During the past decade, MnDOT has been developing solar projects and actively pursuing cost-effective energy-efficiency measures. Among the potentially effective innovations the agency has considered is adding solar panels to noise barriers and snow fences, transforming these single-function installations to multifunction installations. The electricity generated from this practice could offset installation costs and eventually generate revenue for other purposes.
MnDOT has hundreds of noise barriers and the need for thousands of miles of snow fencing. The surfaces of these structures could accommodate more than 1,000 300-watt solar panels per mile, which could potentially generate hundreds of thousands of kilowatt-hours of energy each year for each mile of panels. This energy gain has the potential to reduce some of the installation cost of these structures through power purchase agreements with utility companies and produce a possible surplus after several years.
“Minnesota’s long miles of snow fences and hundreds of noise barriers could be doing double duty, performing their first function while harvesting solar energy simultaneously. This project’s comprehensive investigations show that possibility is real and reachable,” said Mijia Yang, associate professor, Department of Civil, Construction and Environmental Engineering, North Dakota State University.
More information was needed by MnDOT about implementing this concept, including public perceptions, system design, connections to public utilities and cost–benefit projections.
What Was Our Goal?
The project’s goal was to investigate the feasibility of installing photovoltaic (PV) panels on noise barriers and snow fences as add-on pieces or in integrated designs. The project’s overall objective was to provide a comprehensive proof of concept to determine if the idea was sound—socially, economically and functionally—and a reasonable route for MnDOT and local agencies to take.
What Did We Do?
According to the Federal Highway Administration, using the highway right of way for public utilities facilities is in the public interest. Consequently, many states have implemented PV demonstration projects, which researchers examined through a literature search of PV projects completed by transportation agencies.
To learn stakeholders’ opinion of using PV panels with noise barriers and snow fences, researchers distributed online surveys to members of more than 50 households familiar with noise barrier walls and representatives from 21 utility companies. They also interviewed 20 landowners with farmland where snow fences could be installed.

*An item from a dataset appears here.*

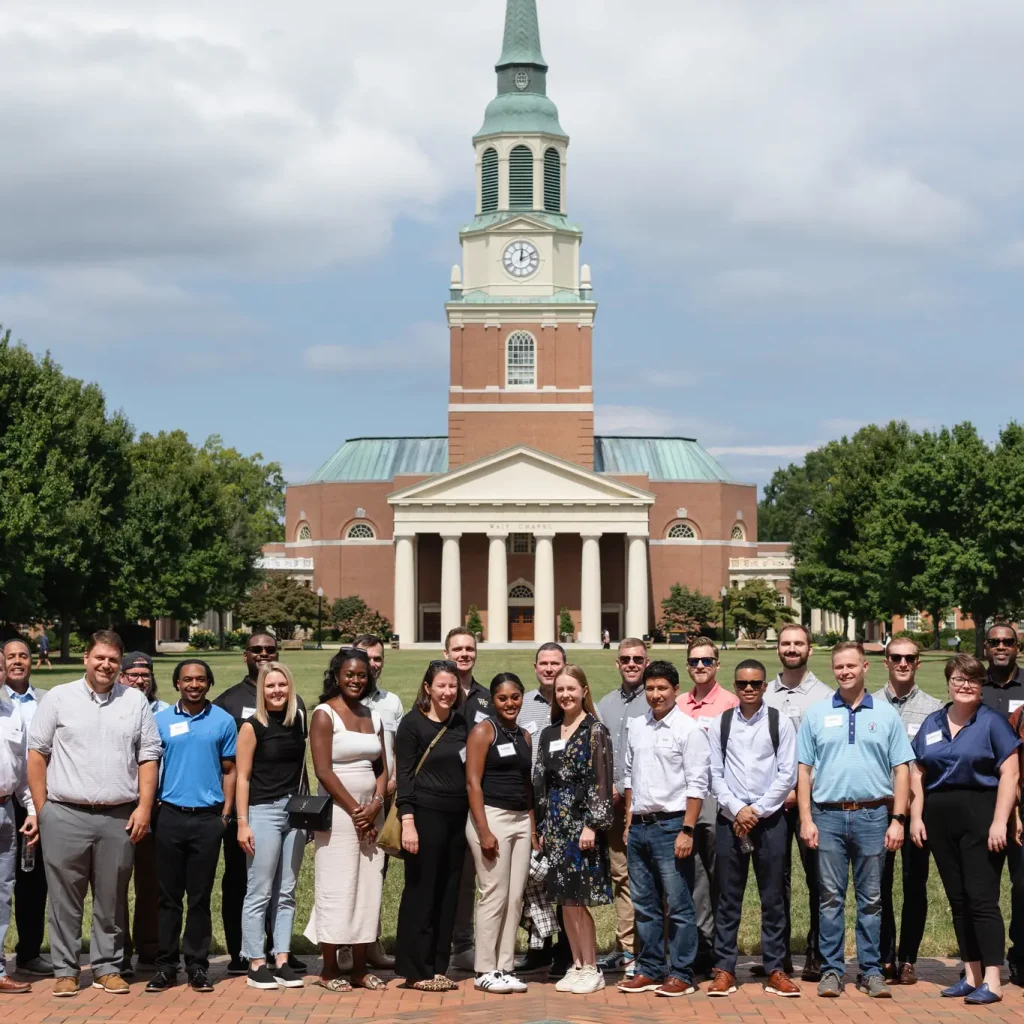 Students standing in front of Wait Chapel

The research team then constructed a prototype solar noise barrier and snow fence system. Because the system would be near traffic and could influence safety, researchers conducted laboratory testing and computer modeling to investigate the possible effects of these systems and regulatory aspects of implementation, including:
- Effect of solar panels on noise barrier performance
- Potential for glare from the solar panels, which could hinder motorists
- Change in the effectiveness of PV snow fence in reducing blowing and drifting snow
- Impact on traffic safety resulting from vehicle collisions with solar panels
- Potential electrical hazards to motorists involved in a crash with a solar highway system
The team developed a system of electrical connections between panels. To attach the system to the power grid, they designed a controller and inverter system to convert the system’s DC voltage to an AC charge usable by the local utility company. Researchers also created a cost–benefit model to calculate breakeven points for the system under various scenarios.
What Did We Learn?
The literature search revealed that many states have installed PV demonstration projects, and PV panels on noise barriers have been investigated in Europe, but researchers found no projects resembling this effort.

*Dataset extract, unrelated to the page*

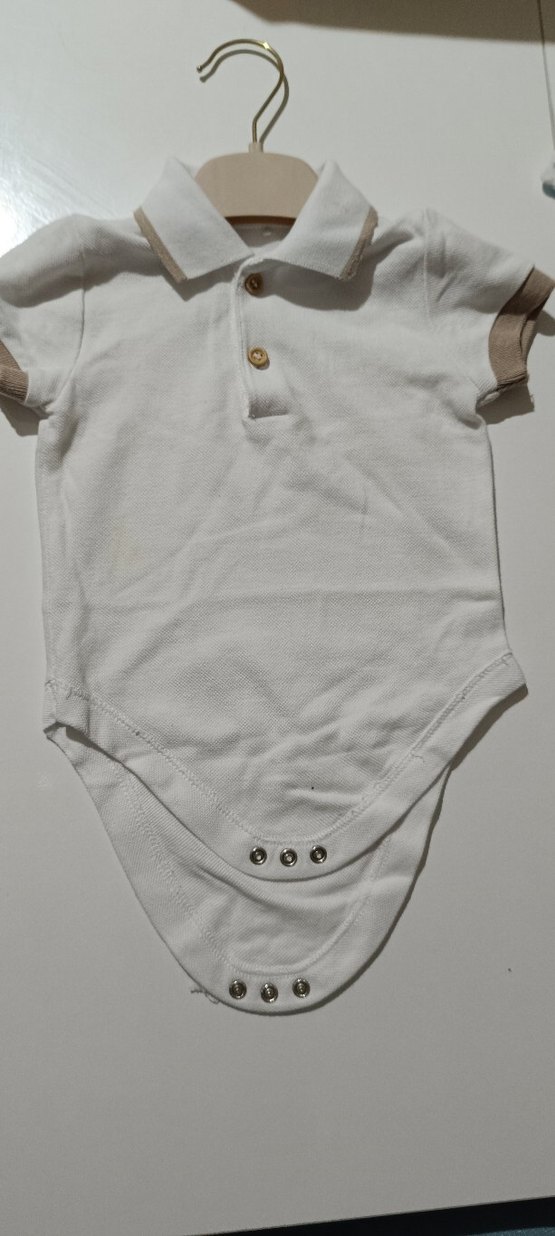 Bej Keten Düğmeli Erkek Bebek Tulum Seti - Görsel 4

The surveys showed the general public was overwhelmingly positive about the concept (90%); however, that percentage dropped to about half if solar panels reduced noise barrier effectiveness.
“Harvesting solar energy from right of way structures was shown to be within our reach through this project, which asked and answered important questions and showed a clear path forward,” said Daniel Gullickson, blowing snow control supervisor, MnDOT Operations Division.

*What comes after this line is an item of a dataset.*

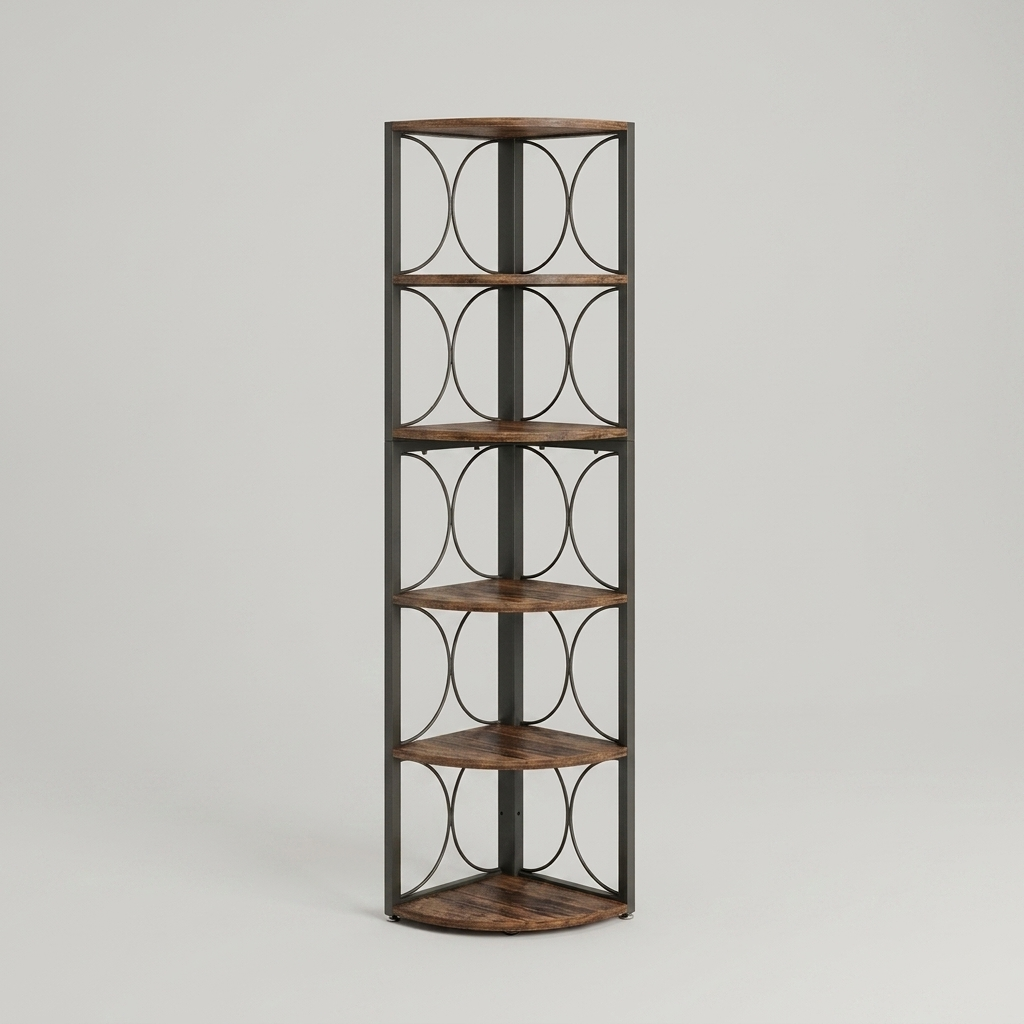 Corner Display Shelf Premium Wood Industrial Style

Testing showed that the prototype performed its functions seamlessly as it also gathered solar energy to convey to the power grid. Computer modeling of PV panels on noise barriers showed the noise dampening effect of barriers would be reduced only 2%. A simulation of sunlight glaring revealed a minimum of glare (373 minutes per year) for the system. In addition, fluid analysis of snow motion indicated that terrain most affected performance, not the solar panels. In the lab, low- and high-velocity impacts to the PV panels recorded with a high-resolution camera showed that fragments from broken panels moved relatively slowly and did not pose a safety hazard to travelers. Further, the system was not an electrocution hazard.
The team’s cost–benefit analysis indicated that in some installations, the system could reach the breakeven point in less than a year.
Researchers would like to build a quarter mile of solar snow fence near Moorhead, Minnesota, with the help of MnDOT engineers if the agency approves the project. Implementing the current project’s findings will require collaboration across the agency to understand the technical, regulatory and environmental aspects.